Females may be kept together in a "sorority", but usually, putting a female and male together with no protection from each other is a bad idea.


----------



## monty98 (Aug 3, 2011)

well thats just no good, ok then looks like that other betta is going back to the pet store. but yes, i did put a few plants in there bt there the fake ones. are real ones better? what other fish can i put in the tank? thanks agaiin


----------



## elitesrock (May 4, 2011)

I know for sure tetras are what other members might say could be okay but they are fin nippers. I know you can have shrimp in there but expect them to be dead. I have seen eels and loaches with them but that's because they are both burrowers and hide most of them. I think you're better putting the betta in the 1.5 because there are so many nice things you can have in a 20.


----------



## P.senegalus (Aug 18, 2011)

I've had killifish live peacefully with a male betta I had, along with some corys.


----------



## WildForFish (Aug 5, 2008)

Not all tetras are fin nippers.

I have kept several Tetras, Red Eyes, Black Neon, Glowlights & Blood Fins with a male betta. (short finned types)

Tetras with bright coloring & flowing fins are not a good idea as the Betta will attack them.

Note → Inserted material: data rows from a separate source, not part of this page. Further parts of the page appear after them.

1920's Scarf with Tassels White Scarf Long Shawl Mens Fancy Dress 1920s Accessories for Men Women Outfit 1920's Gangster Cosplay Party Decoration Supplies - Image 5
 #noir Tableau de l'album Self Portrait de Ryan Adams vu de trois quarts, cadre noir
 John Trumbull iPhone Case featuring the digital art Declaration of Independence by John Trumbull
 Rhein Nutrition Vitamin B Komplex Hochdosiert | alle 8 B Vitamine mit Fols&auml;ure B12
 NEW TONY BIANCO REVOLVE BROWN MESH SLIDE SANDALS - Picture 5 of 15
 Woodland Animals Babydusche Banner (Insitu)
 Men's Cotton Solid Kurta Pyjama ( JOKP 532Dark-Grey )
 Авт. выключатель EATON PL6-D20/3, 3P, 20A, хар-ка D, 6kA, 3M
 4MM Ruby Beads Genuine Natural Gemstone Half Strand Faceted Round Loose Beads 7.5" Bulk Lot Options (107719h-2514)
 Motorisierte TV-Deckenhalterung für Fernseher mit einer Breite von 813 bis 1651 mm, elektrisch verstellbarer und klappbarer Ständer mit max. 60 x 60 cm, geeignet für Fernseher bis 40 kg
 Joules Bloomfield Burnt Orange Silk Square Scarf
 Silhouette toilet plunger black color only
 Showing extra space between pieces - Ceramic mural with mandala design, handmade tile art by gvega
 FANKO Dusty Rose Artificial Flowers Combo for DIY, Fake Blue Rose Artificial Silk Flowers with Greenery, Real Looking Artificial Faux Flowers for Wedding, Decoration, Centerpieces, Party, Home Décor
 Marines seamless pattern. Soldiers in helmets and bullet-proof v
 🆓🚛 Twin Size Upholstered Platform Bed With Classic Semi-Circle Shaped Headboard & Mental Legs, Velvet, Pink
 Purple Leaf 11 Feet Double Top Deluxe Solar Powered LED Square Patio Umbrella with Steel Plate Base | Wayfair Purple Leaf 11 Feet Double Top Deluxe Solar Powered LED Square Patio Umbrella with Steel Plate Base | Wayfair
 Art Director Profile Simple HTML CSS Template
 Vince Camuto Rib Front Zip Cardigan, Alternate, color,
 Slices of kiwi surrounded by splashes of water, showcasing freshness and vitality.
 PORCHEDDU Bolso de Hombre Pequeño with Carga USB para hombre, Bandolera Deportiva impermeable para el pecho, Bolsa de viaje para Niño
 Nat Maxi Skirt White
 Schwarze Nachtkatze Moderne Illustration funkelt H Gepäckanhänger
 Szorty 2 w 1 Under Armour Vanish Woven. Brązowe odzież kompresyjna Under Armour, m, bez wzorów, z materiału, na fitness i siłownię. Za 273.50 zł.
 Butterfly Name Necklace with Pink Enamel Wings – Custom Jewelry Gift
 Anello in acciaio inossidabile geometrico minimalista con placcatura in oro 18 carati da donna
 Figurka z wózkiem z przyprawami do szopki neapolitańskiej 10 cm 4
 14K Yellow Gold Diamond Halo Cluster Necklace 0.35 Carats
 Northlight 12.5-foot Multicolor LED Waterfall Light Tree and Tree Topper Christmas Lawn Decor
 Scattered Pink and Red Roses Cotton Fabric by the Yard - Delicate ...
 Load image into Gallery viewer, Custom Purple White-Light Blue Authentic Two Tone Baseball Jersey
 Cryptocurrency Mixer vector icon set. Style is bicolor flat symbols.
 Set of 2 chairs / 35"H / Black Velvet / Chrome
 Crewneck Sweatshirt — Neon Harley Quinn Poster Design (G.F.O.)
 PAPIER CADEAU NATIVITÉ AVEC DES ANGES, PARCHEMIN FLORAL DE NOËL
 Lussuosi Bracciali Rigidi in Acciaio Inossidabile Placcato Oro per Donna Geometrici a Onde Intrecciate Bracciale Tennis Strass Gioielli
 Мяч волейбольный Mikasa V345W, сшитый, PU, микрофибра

In a well planted tank, in my experience, they will do fine.

Wild


----------



## Betta man (Mar 25, 2011)

If you have a divider, it will work. I would think that it would be good for a betta to see another betta and start flaring cause it's mind stimulation and bettas with mind stimulation were proven to live longer.


----------



## WildForFish (Aug 5, 2008)

***If you have a divider, it will work. I would think that it would be good 
for a betta to see another betta and start flaring cause it's mind stimulation and bettas with mind stimulation were proven to live longer.***


IF in a large enough tank, you can use a divider, it is best if the divider is covered with some type of moss or bordered thickly with plants. 

Exposing two male Bettas for long periods of time will stress them greatly and will cause blown fins!

Wild


----------



## dracothebichir (Aug 13, 2011)

put one of the bettas in the twenty and get, a ghost catfish five blood fin tetras and seven ghost shrimp


----------



## monty98 (Aug 3, 2011)

i think im just going to put the male back in the one gallon and put females in the 20 gallon. how many can i put together?


----------



## Toshogu (Apr 24, 2009)

It all comes down to the size of tank and amount of foliage/cover. I have successfully kept a 80 gallon tank with 2 male bettas & 3 female bettas. Kept the flow low made sure there was 3-4 visual breaks from one side of the tank to the other. Basically planted the rear of the tank with tall plants with a couple different plants planted toward the front to make a "cove" or visual break. Had a couple nice sized pieces of drift wood put in. Yes they would play grab ass and pester each other, but because of size of tank and amount of cover they would generally stay in their own spots and leave each other alone.


----------